Sin embargo, esta reivindicación de la naturaleza revolucionaria del peronismo, la que se habría manifestado desde su nacimiento y tomado cuerpo durante la década de gobierno, no debería conducir a pensar que para Compañero todas las manifestaciones que se presentaban como peronistas –un verdadero vitró a comienzos de los años sesenta– tenían legítimas credenciales “revolucionarias”. En otras palabras, no es posible sostener que para el semanario “todo el peronismo es revolucionario” (Raimundo, 2001, p. 217);12 tan sólo lo era, para Compañero, el “inactual”, “legítimo” y “verdadero” peronismo, para decirlo con Altamirano,13 que el propio semanario aducía representar.

Nada ejemplifica mejor esta aserción que “Historia de un proceso. Las dos líneas del peronismo. Revolución o conciliación”, larga nota sobre las líneas que se formaron en el peronismo desde su génesis. En el centro, flanqueado por dos columnas,14 se dice:

Desde que el Movimiento Peronista irrumpió en la escena política argentina, dos corrientes opuestas se han enfrentado permanentemente por la preeminencia ideológica y política en la dirección: la revolucionaria y la conciliadora. La primera surge de las masas y se proyecta hacia la conducción del proceso de Liberación por la clase trabajadora. En las etapas en que ha logrado prevalecer, ha permitido conquistar las grandes victorias populares y antiimperialistas que jalonan los grandes avances del Peronismo. La segunda, la línea conciliadora, tiene sus raíces en los elementos burocratizados que sirven de correa de transmisión a las ideas claudicantes de la burguesía que se ligó al imperialismo yanqui. Cuando este sector logró contener la expresión auténtica de las bases e imponer sus posiciones de conciliación con los enemigos del pueblo, se produjo la detención de la revolución o aún su retroceso (Compañero, Nº 62, 1964, p.4).

Se ve, entonces, como el peronismo, desde su propio nacimiento, habría parido dos tendencias antagónicas, las que lucharon por imponer su hegemonía dentro del movimiento.
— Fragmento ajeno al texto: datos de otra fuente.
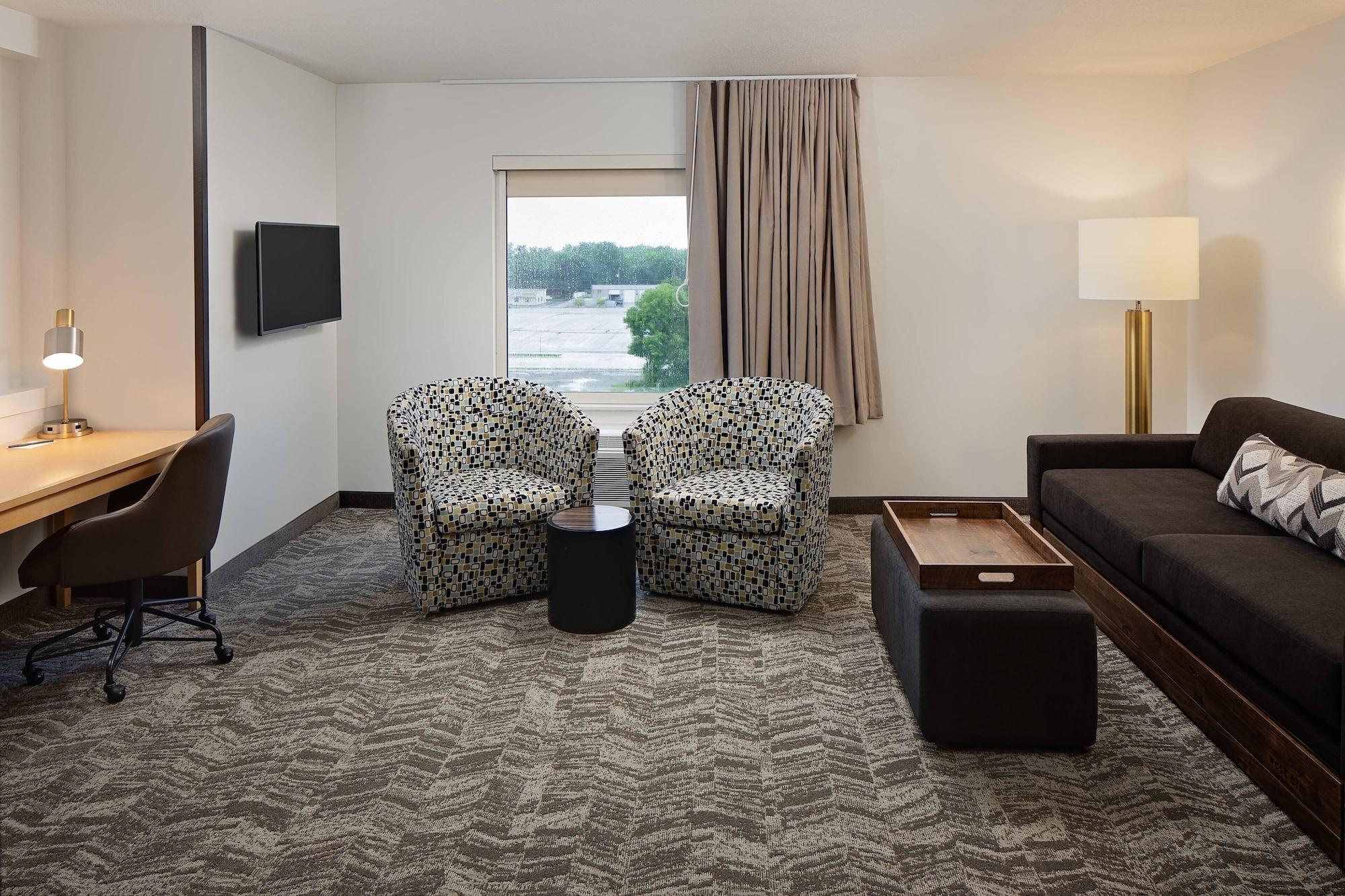 SpringHill Suites Green Bay - photo 13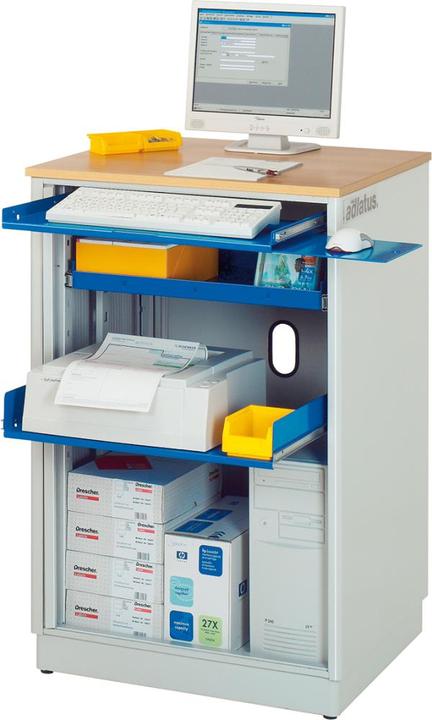 Immagine prodotto RAU Postazione di lavoro per computer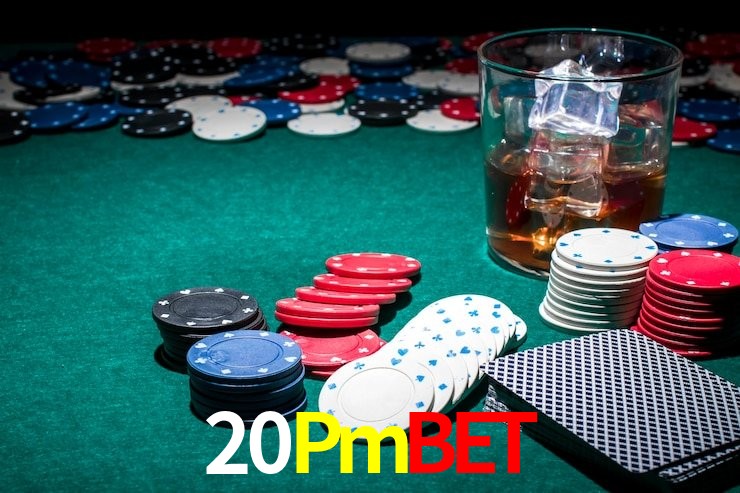 Provedores de Jogos 20Pmbet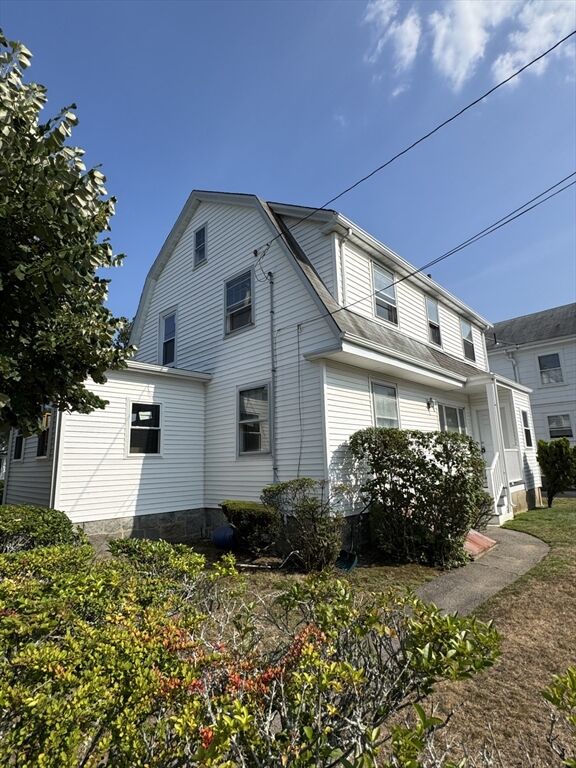 1333 Quincy Shore Drive  Quincy MA 02169 photo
De un lado, los sectores revolucionarios, artífices de las “grandes victorias populares y antiimperialistas” que dan la nota en la historia del peronismo. Del otro, los sectores conciliadores, “enemigos del pueblo”, caracterizados por su presunta esencia burocrática, por tomar el lugar de “correa de transmisión” de intereses ajenos al sentir popular y por frenar la potencialidad “revolucionaria” del peronismo. En 1955, se plasmaría la hegemonización del sector conciliatorio, traduciéndose en el triunfo de la “Revolución Libertadora” y ocasionando la “detención de la revolución”. Por lo tanto, aquí podría marcarse una tensión con la visión de “edad de oro” en el periodo 45-55 mencionada más arriba. Esto es, aquella época venturosa parece no haber estado exenta de conflictos y “manchas”. Estos, en todo caso, acompañaron su discurrir, para terminar horadándola.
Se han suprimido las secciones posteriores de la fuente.